**Your objective**
Go to the line containing "Photo - Courtyard" in the records below and print it and every following line exactly, on through the line containing "2655 Clayton Drive, Troy, MI, 48083", then stop.

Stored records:
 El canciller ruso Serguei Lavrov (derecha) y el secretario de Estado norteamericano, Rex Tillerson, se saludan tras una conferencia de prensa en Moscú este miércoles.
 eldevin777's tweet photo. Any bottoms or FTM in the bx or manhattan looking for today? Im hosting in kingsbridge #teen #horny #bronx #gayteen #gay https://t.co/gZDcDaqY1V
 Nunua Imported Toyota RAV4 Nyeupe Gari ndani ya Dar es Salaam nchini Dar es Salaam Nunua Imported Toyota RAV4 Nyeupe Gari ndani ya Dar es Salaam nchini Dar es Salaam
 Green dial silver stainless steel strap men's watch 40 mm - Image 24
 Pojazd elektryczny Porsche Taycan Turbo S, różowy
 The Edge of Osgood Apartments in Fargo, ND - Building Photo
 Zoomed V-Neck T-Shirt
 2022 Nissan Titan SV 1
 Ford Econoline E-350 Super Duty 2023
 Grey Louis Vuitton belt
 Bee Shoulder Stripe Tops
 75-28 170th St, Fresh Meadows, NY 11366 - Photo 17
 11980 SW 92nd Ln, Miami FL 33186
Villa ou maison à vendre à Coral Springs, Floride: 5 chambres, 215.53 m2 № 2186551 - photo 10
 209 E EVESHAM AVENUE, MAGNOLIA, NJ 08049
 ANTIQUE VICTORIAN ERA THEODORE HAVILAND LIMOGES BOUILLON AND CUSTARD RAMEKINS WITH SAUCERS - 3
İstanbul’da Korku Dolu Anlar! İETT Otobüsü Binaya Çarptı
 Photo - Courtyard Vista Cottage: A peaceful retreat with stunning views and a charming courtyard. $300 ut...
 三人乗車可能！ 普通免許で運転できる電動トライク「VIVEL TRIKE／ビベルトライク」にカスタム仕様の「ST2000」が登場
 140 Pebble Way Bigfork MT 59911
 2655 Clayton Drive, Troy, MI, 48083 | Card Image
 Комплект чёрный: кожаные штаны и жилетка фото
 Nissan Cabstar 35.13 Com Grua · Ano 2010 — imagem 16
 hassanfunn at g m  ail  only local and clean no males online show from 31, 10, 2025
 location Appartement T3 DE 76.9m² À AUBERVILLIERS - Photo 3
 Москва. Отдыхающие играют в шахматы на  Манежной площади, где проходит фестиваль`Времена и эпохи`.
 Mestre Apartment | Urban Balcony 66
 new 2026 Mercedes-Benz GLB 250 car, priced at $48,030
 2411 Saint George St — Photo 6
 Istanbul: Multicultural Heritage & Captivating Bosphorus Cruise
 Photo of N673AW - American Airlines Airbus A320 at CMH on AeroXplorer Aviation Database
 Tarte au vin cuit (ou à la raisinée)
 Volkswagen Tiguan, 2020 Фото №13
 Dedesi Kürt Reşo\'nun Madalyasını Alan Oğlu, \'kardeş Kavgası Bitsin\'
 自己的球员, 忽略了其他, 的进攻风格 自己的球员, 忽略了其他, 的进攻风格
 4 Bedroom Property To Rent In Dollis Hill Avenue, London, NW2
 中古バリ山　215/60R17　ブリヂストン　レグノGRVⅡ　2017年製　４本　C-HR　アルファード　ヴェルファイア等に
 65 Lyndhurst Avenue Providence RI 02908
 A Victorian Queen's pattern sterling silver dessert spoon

**Expected answer**
 Photo - Courtyard Vista Cottage: A peaceful retreat with stunning views and a charming courtyard. $300 ut...
 三人乗車可能！ 普通免許で運転できる電動トライク「VIVEL TRIKE／ビベルトライク」にカスタム仕様の「ST2000」が登場
 140 Pebble Way Bigfork MT 59911
 2655 Clayton Drive, Troy, MI, 48083 | Card Image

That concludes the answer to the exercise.